Apart from that, for me personally, one of the best things about designing for the iPhone are its capabilities: fast CPU, good graphics hardware, great touch interface... It's really very similar to the SegaDreamcast console from the late 90s. When you think about it, it's amazing that we can carry something better than a Dreamcast in our pockets today, and that small, indie teams are making games that rival what huge teams were creating in 1999. It's a really exciting time!
What has been the biggest challenge about designing for the iPhone?
The biggest design challenge for me was coming up with a good interface. The multi-touch screen is an outstanding input device and it's very intuitive, but it's also radically different from a mouse-based interface. It ended up forcing a lot of decisions in the design of Flower Garden to keep the screen uncluttered and accessible at the same time. I love the multi-touch interface though, so that was a "good" challenge.
On the not-so-good-challenges side, and purely from a technical point of view, dealing with memory on the iPhone has been a major pain. I'm not talking about reference counting in Objective C. That's fine — I come from a C/C++ background so I'm used to that. It's the fact that you never know how much memory you're going to have available.
I think Apple dropped the ball on that one. You just can't do that, especially for games! They should have guaranteed a minimum amount of memory available. Maybe just 5-10MB, and then treat the rest of the memory as optional. That way you can always count on that and you can plan on dealing with low-memory conditions. Right now, your app might start and only have 3MB of memory free. What are you supposed to do in that case other than tell your customers to reboot their iPhone?

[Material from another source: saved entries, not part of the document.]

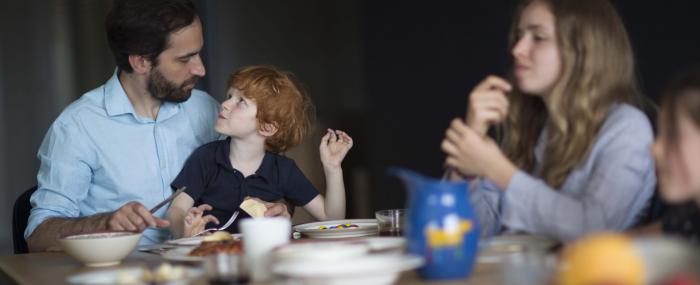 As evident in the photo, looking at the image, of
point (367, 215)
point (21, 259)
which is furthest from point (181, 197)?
point (367, 215)

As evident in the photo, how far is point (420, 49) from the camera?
4586 millimetres

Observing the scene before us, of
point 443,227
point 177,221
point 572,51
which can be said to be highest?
point 572,51

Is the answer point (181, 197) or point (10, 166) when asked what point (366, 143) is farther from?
point (181, 197)

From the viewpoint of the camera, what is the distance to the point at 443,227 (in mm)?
1300

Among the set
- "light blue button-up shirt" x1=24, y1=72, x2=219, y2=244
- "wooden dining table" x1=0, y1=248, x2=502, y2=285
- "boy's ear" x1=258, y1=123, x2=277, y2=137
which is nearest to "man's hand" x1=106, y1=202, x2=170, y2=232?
"wooden dining table" x1=0, y1=248, x2=502, y2=285

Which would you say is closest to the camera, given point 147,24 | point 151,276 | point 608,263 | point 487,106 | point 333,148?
point 608,263

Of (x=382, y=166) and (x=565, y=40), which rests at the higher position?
(x=565, y=40)

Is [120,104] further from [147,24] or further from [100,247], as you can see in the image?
[100,247]

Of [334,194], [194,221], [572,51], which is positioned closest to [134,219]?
[194,221]

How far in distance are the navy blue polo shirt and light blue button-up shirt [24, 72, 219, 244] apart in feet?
0.31

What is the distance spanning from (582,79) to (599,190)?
0.89ft

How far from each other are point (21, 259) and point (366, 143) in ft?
10.8

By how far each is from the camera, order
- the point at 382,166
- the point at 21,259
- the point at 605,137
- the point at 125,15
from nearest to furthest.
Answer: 1. the point at 605,137
2. the point at 21,259
3. the point at 125,15
4. the point at 382,166

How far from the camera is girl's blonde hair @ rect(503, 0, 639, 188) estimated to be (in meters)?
1.78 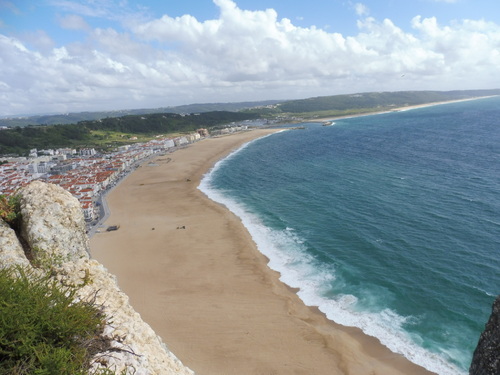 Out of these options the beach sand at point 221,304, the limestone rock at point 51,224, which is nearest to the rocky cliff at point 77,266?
the limestone rock at point 51,224

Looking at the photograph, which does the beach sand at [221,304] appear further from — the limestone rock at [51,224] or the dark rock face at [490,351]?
the limestone rock at [51,224]

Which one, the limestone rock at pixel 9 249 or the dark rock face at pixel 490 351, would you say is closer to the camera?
the dark rock face at pixel 490 351

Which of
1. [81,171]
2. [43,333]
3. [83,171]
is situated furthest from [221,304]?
[81,171]

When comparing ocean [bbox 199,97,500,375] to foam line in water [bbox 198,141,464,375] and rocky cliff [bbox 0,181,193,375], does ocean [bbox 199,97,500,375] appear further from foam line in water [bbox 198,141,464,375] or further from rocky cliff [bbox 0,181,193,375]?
rocky cliff [bbox 0,181,193,375]

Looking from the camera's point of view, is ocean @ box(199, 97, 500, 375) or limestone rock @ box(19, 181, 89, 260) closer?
limestone rock @ box(19, 181, 89, 260)

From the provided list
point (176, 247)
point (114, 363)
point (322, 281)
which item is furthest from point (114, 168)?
point (114, 363)

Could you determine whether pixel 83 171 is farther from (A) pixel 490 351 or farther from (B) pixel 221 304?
(A) pixel 490 351

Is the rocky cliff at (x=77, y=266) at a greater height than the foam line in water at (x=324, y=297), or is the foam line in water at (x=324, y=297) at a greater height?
the rocky cliff at (x=77, y=266)

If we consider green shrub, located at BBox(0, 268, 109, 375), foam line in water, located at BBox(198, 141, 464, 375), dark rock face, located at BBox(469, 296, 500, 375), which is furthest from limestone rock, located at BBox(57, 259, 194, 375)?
foam line in water, located at BBox(198, 141, 464, 375) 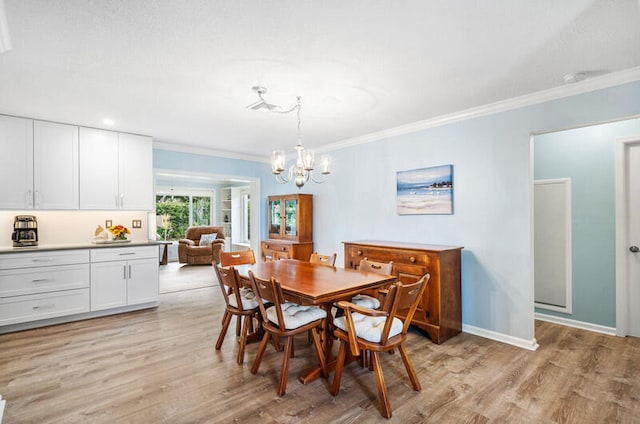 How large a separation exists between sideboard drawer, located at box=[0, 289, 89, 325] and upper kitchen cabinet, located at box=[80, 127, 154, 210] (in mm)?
1134

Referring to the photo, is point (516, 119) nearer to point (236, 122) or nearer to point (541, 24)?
point (541, 24)

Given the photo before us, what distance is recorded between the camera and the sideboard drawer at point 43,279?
3.55 m

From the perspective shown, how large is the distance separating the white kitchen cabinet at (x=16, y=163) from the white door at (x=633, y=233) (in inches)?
264

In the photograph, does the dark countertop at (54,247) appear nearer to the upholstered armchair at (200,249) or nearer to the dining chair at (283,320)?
the dining chair at (283,320)

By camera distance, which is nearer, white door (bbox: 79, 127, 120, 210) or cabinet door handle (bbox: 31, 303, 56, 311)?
cabinet door handle (bbox: 31, 303, 56, 311)

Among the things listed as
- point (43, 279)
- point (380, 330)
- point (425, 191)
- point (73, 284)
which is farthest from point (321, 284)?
point (43, 279)

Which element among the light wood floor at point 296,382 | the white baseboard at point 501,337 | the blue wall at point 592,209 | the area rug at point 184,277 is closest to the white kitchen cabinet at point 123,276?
the light wood floor at point 296,382

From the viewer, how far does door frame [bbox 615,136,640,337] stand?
333 cm

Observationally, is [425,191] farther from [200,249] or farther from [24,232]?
[200,249]

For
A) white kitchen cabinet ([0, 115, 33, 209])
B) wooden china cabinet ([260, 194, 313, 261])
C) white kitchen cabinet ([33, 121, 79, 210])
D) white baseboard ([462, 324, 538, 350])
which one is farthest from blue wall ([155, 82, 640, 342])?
white kitchen cabinet ([0, 115, 33, 209])

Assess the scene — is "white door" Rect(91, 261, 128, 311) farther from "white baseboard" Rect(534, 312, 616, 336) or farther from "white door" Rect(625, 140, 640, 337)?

Is Snappy Touch venture backed or privately held?
Snappy Touch is just me, so definitely privately held. I'd love to be successful enough to grow it to have a small team, but I definitely want to keep it very small and agile.
Do you have any other apps in the works?
Right now I'm totally focused on doing updates for Flower Garden: cross-pollination of plants, more social elements, downloadable content with OS3.0, etc. I have lots of other ideas though. My next project will be shorter, that's for sure. I'd love to keep it under a month.

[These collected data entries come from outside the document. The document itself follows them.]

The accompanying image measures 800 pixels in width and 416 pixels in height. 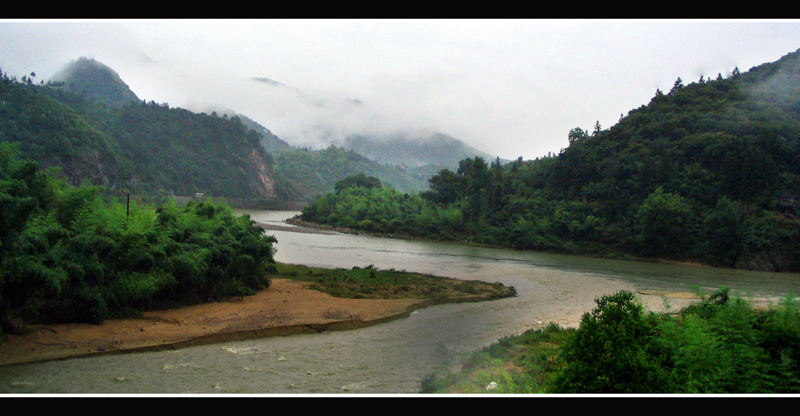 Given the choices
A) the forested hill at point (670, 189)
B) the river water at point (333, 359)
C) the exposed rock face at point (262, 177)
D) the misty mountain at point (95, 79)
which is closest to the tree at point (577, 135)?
the forested hill at point (670, 189)

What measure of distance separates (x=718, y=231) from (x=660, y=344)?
39.0 meters

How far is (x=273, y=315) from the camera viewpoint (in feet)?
51.4

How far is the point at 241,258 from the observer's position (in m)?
18.3

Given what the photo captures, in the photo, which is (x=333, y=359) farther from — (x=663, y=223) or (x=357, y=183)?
(x=357, y=183)

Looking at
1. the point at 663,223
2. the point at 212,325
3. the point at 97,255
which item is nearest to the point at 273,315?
the point at 212,325

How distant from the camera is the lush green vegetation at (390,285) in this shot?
2098cm

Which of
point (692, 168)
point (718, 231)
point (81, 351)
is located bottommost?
point (81, 351)

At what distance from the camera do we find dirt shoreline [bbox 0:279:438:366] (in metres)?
11.1

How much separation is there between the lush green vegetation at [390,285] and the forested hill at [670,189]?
2619 centimetres

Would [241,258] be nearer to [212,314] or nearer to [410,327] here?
[212,314]

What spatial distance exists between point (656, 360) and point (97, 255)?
12.4 metres

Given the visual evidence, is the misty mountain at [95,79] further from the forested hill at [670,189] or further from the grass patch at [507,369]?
the grass patch at [507,369]

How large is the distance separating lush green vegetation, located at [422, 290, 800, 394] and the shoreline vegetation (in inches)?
236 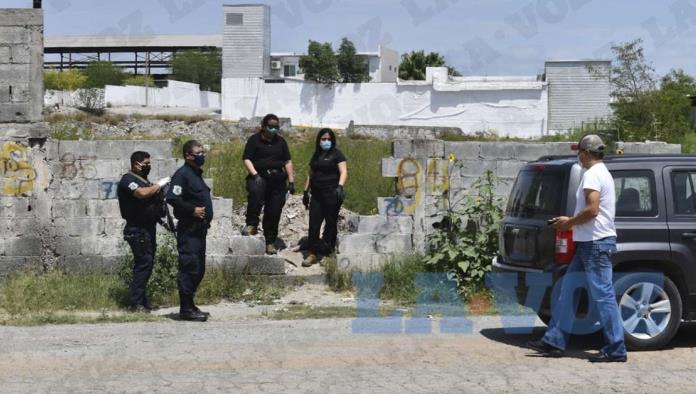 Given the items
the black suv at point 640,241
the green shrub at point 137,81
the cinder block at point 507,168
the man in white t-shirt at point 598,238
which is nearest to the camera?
the man in white t-shirt at point 598,238

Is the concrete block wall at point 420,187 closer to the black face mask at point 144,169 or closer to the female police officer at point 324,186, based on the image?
the female police officer at point 324,186

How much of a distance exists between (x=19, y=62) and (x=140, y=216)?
3.19 meters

What apps do you have on your iPhone?
More than I can name, or even than the iPhone can hold! I try to download as many apps and games as I can and analyze them. How did they do this? What kind of interface did they use for that? It's a great way to learn what works and what doesn't. Games that I'm currently obsessing about are Sky Burger, Pocket God, and Galcon. And some of my go-to apps are TwitterFon, Darkroom, and Kindle.
What do you like to do when you're not coding for the iPhone?
I spend way too much time coding for the iPhone, so when I can, I try to get as far away from the computer as possible: running, cycling, backpacking. And if that's not an option, then I'm probably home reading, cooking, writing an article, or daydreaming about a new project.